··· Data shown

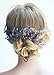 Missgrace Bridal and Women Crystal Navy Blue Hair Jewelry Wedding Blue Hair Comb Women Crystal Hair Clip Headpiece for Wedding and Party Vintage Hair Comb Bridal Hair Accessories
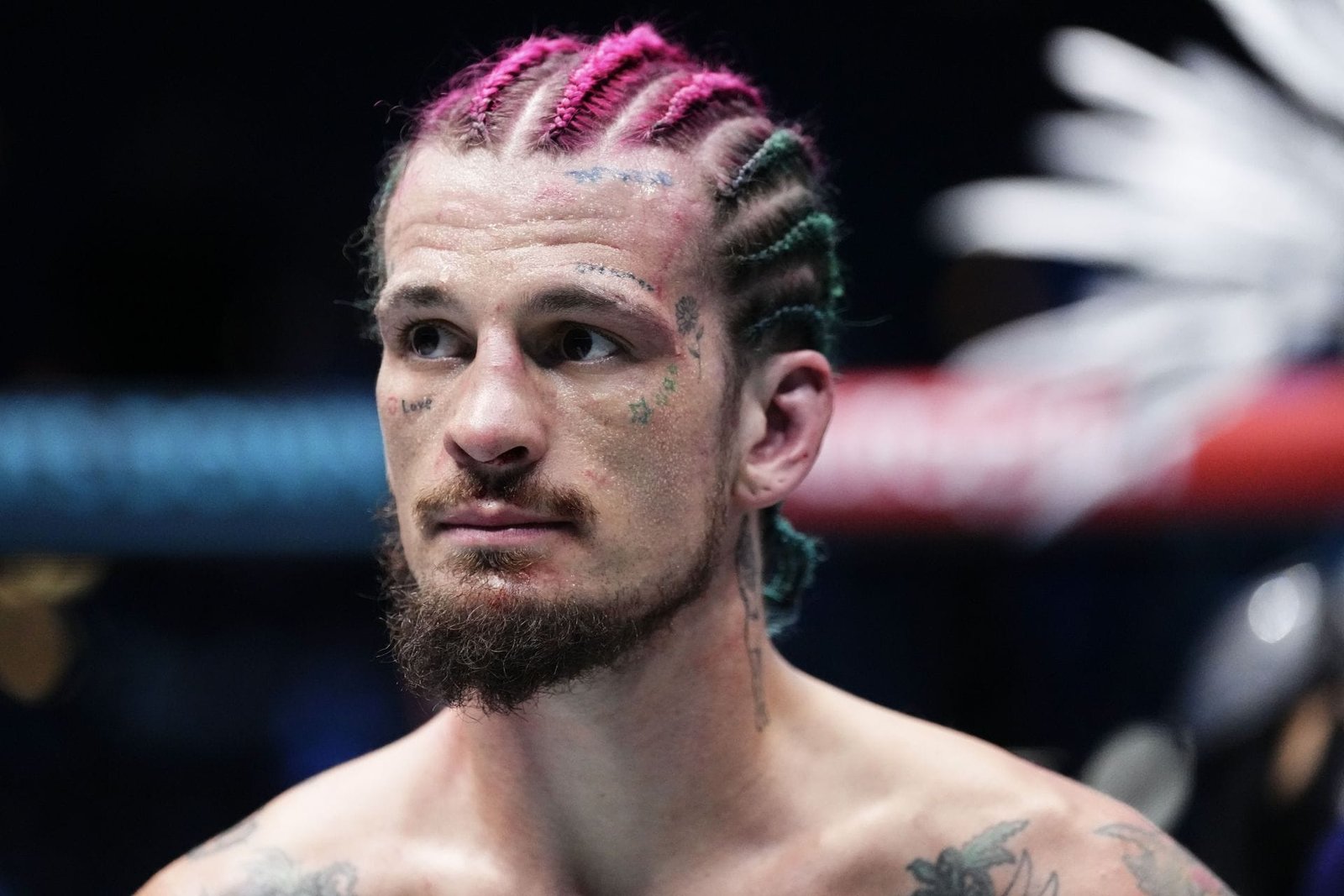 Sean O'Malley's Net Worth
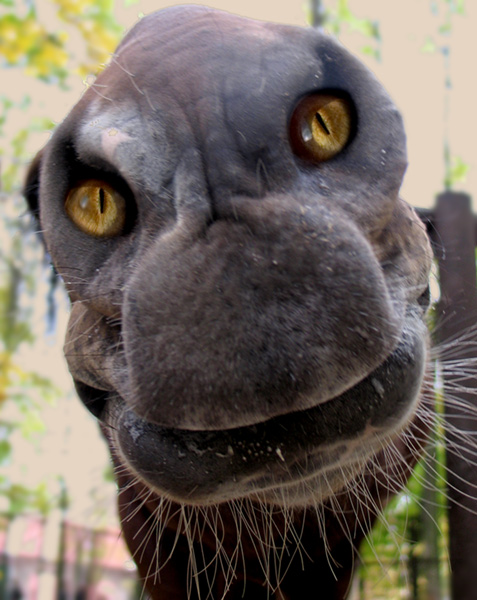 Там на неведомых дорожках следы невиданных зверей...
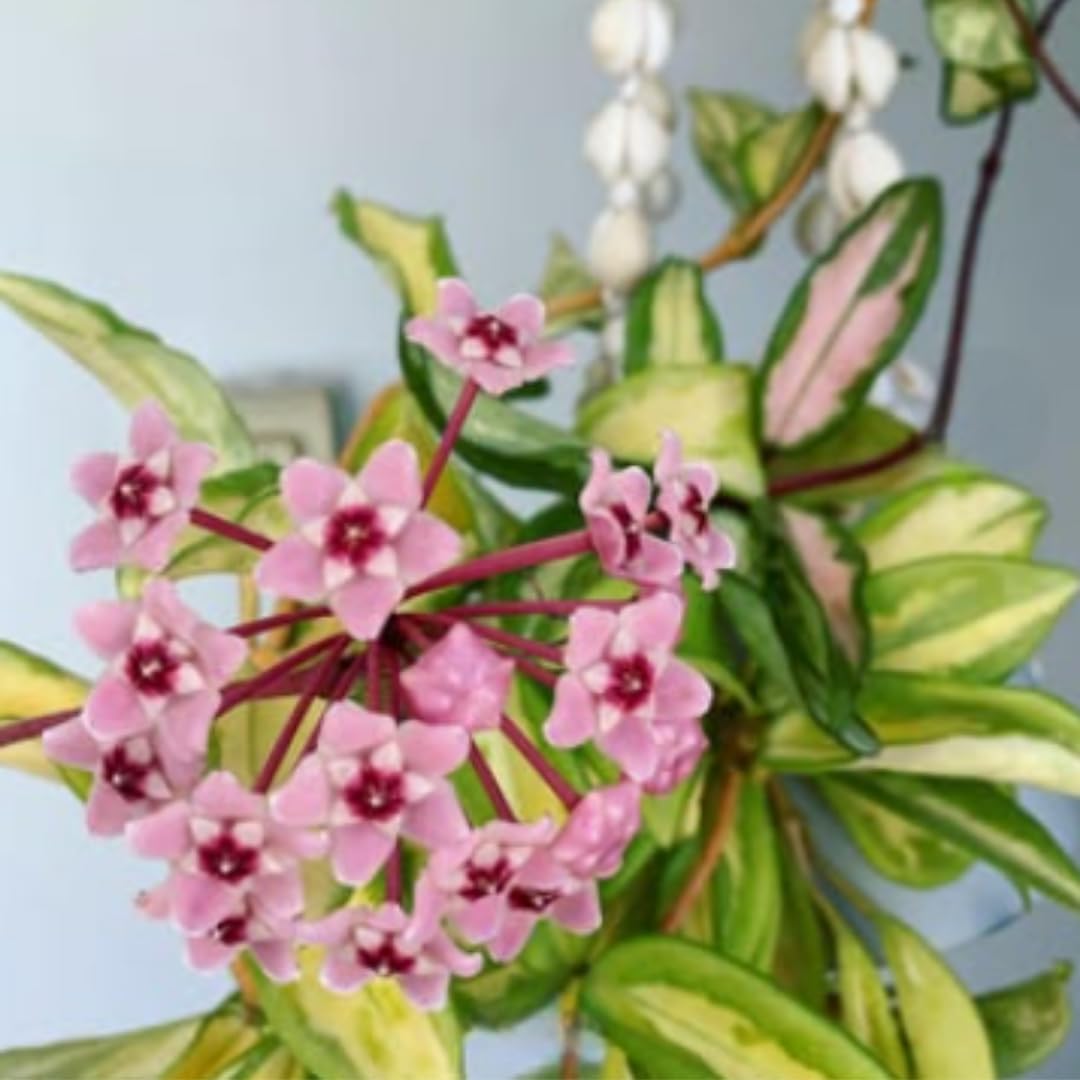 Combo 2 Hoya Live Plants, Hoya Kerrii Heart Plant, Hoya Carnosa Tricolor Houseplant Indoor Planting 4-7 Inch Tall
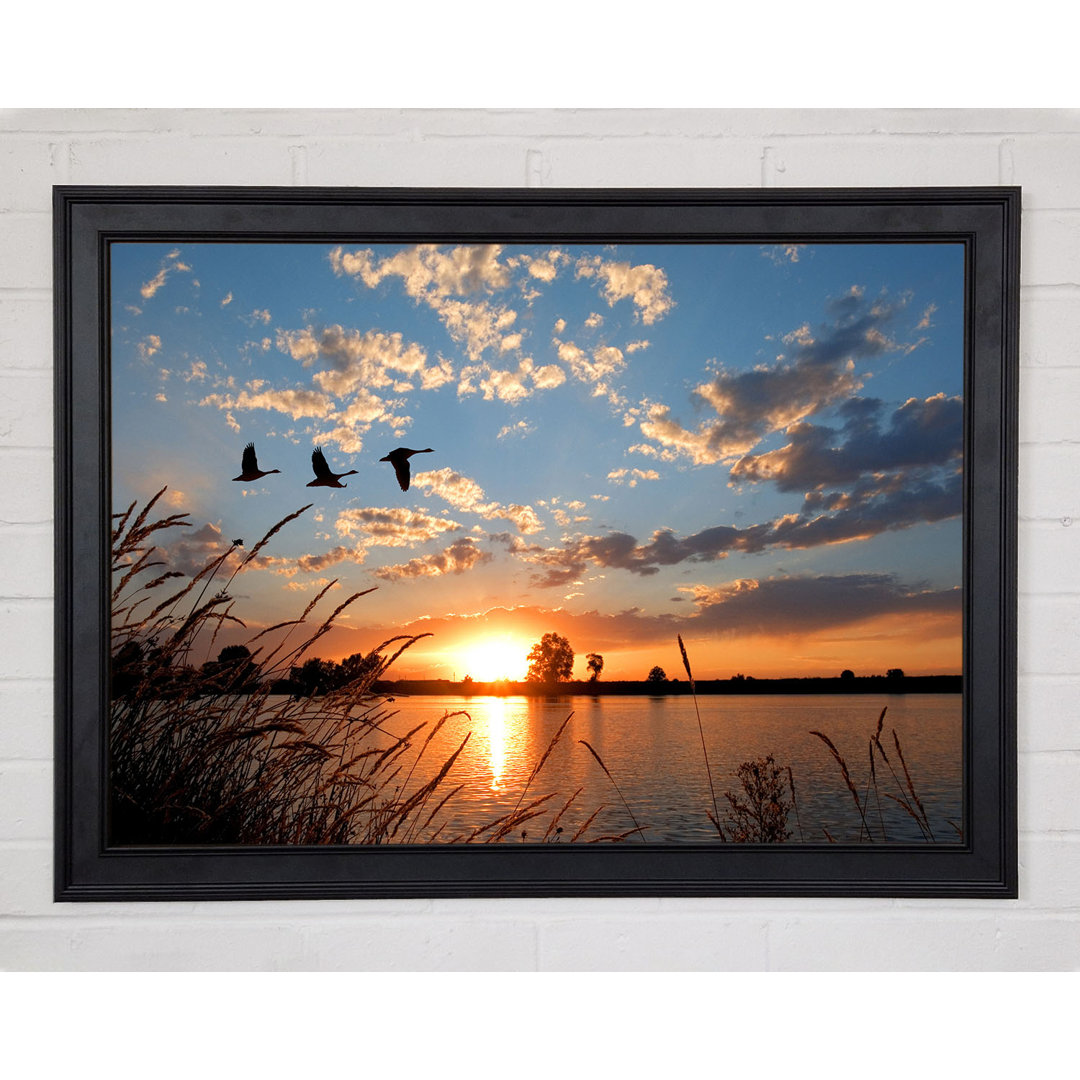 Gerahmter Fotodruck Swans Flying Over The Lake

······
··· Data shown

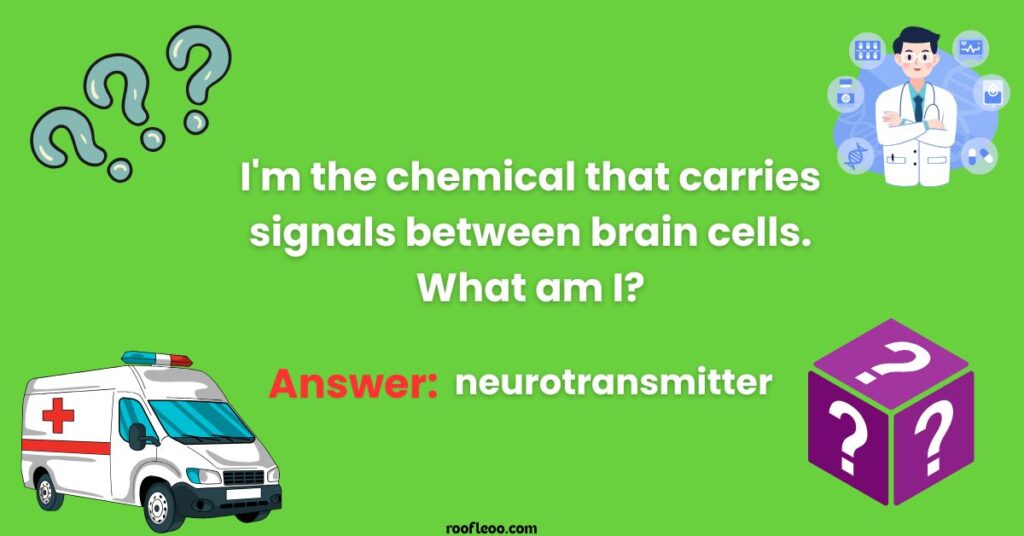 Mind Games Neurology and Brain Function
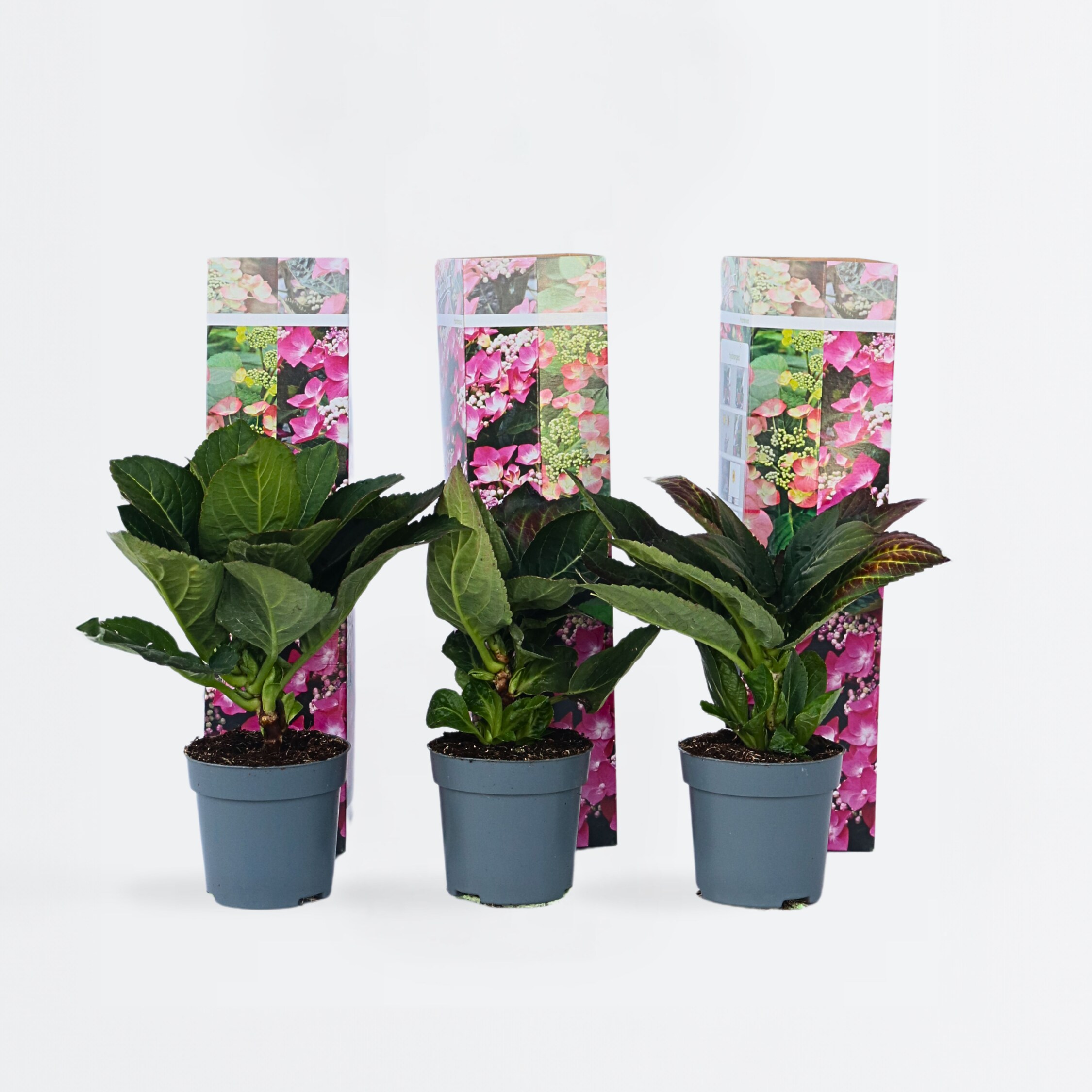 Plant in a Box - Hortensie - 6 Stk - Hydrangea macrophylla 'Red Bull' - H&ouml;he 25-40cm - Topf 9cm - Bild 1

······
··· Data shown

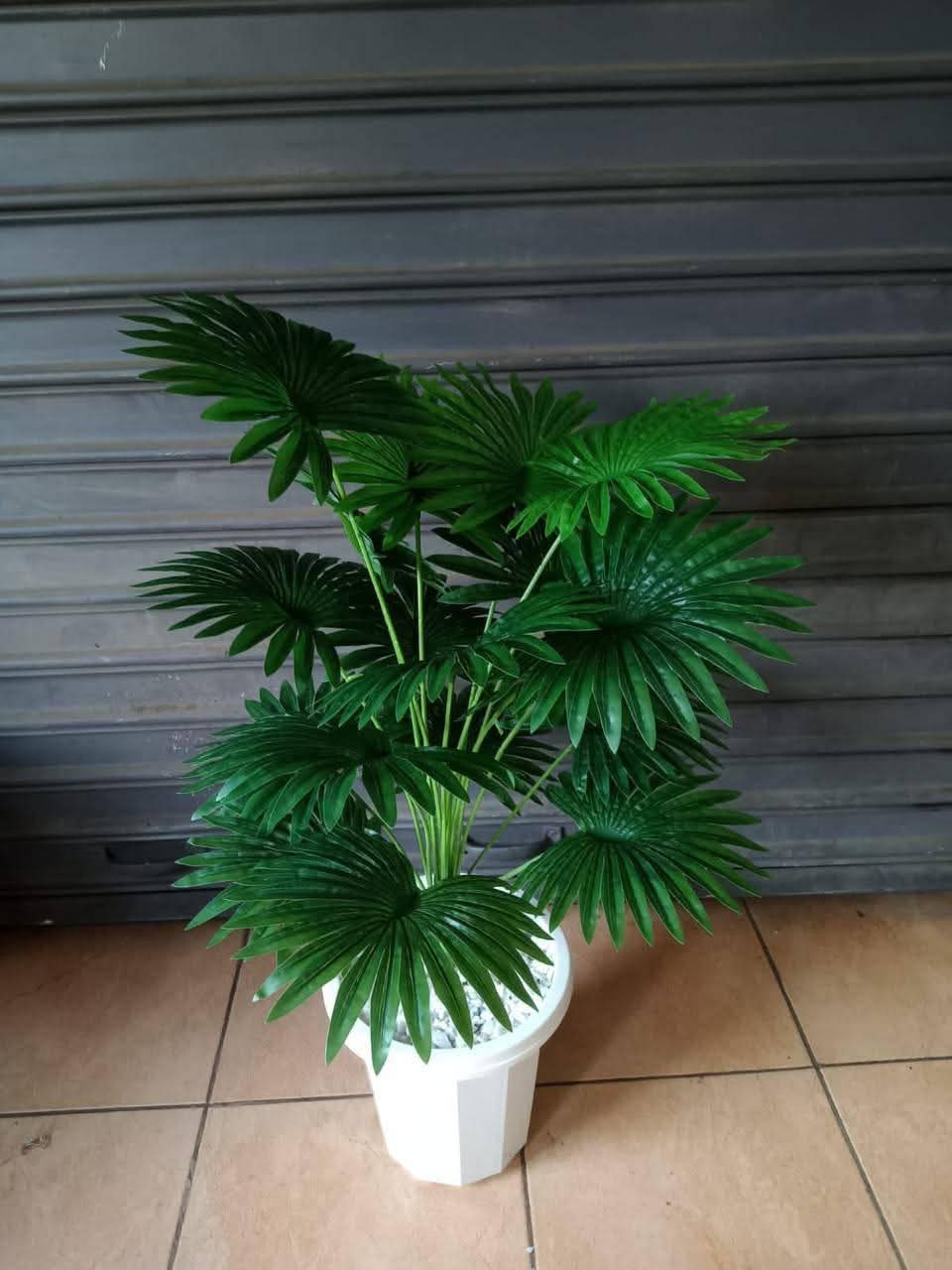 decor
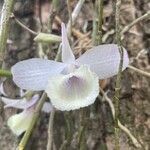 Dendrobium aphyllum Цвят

······

• Task description: In the listing above, find the line with "Combo 2 Hoya" and the line with "Gerahmter Fotodruck Swans". Set down exactly those lines and everything between them, skipping pictures.

• Output for this task:
 Combo 2 Hoya Live Plants, Hoya Kerrii Heart Plant, Hoya Carnosa Tricolor Houseplant Indoor Planting 4-7 Inch Tall
 Gerahmter Fotodruck Swans Flying Over The Lake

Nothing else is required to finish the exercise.